Inhibition action of triazolyl blue tetrazolium bromide on cold rolled steel corrosion in three chlorinated acetic acids

Abstract

The inhibition effect of triazolyl blue tetrazolium bromide (TBTB) on cold rolled steel (CRS) in three chlorinated acetic acids of monochloroacetic acid (ClCH2COOH), dichloroacetic acid (Cl2CHCOOH) and trichloroacetic acid (Cl3CCOOH) was studied by weight loss, potentiodynamic polarization curves, electrochemical impedance spectroscopy (EIS) and scanning electron microscopy (SEM) methods. Meanwhile, the adsorption mechanism of TBT+ (organic part of TBTB) was theoretically investigated by quantum chemical calculation and molecular dynamics (MD) simulations.

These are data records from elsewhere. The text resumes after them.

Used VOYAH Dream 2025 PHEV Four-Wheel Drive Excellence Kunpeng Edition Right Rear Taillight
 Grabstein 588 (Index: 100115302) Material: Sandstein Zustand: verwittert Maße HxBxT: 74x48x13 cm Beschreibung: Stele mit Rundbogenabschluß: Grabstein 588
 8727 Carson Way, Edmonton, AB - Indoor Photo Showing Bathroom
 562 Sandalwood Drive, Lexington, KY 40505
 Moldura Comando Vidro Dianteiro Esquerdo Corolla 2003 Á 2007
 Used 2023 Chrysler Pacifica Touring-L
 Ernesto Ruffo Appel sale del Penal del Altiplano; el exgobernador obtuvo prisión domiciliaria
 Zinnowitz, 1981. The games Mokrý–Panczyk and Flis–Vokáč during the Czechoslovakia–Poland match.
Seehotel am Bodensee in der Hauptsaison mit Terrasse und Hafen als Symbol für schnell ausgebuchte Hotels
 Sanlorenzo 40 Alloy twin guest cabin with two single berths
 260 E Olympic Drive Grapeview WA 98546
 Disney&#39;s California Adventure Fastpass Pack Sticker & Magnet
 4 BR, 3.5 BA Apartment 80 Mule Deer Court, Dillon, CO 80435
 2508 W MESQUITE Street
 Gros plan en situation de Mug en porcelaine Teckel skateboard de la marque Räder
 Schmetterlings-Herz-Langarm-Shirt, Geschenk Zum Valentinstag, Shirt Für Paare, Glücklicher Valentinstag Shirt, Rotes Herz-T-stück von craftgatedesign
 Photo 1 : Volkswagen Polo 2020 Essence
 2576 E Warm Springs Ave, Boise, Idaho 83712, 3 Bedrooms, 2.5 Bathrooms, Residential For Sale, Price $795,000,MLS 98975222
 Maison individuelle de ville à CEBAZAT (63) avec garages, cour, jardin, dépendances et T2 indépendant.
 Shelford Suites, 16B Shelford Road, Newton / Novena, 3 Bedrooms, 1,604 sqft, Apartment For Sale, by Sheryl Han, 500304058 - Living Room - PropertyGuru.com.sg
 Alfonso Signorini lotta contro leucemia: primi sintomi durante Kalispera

The results show that TBTB acts as a good inhibitor, and inhibition efficiency in three chlorinated acetic acids follows the order: ClCH2COOH < Cl2CHCOOH < Cl3CCOOH. The maximum inhibition efficiency of 1.0 mM TBTB from weight loss method is 85.8% in ClCH2COOH; 91.7% in Cl2CHCOOH; and 95.5% in Cl3CCOOH. The adsorption of TBTB on CRS surface obeys Langmuir isotherm, and the adsorption free energy (ΔG0) is about −34 kJ mol−1. In each chlorinated acetic acid solution, TBTB behaves as a mixed inhibitor, and the presence of TBTB shifts the both anodic and cathodic curves to lower current densities. With the addition of TBTB, the corrosion potential almost does not alter in ClCH2COOH, while becomes more positive in Cl2CHCOOH, and moves negative position in Cl3CCOOH. EIS exhibits one large depressed capacitive loop at high frequencies followed by a small inductive section at low frequencies. In the presence of TBTB, the charge transfer resistance increases, while both constant phase element and double layer capacitance decreases. SEM micrographs reveal that the corrosion of CRS can be efficiently retarded by TBTB. TBT+ can be further protonated by H+ in acid solution to form TBTH2+. Both TBTH2+ and TBT+ could easily physical adsorb on steel surface owing to high dipole moment values, and TBTH2+ exhibits stronger physisorption than TBT+. The electron densities of both HOMO and LUMO are localized principally on tetrazole and thiazole rings, which are chemical adsorption sites. TBTH2+ strengthens accepting electrons while weakens donating electrons as compared with TBT+. Both TBT+ and TBTH2+ adsorb onto Fe (001) surface with nearly flat orientation mode, and the adsorption energy of TBT+ is a little higher than that of TBTH2+.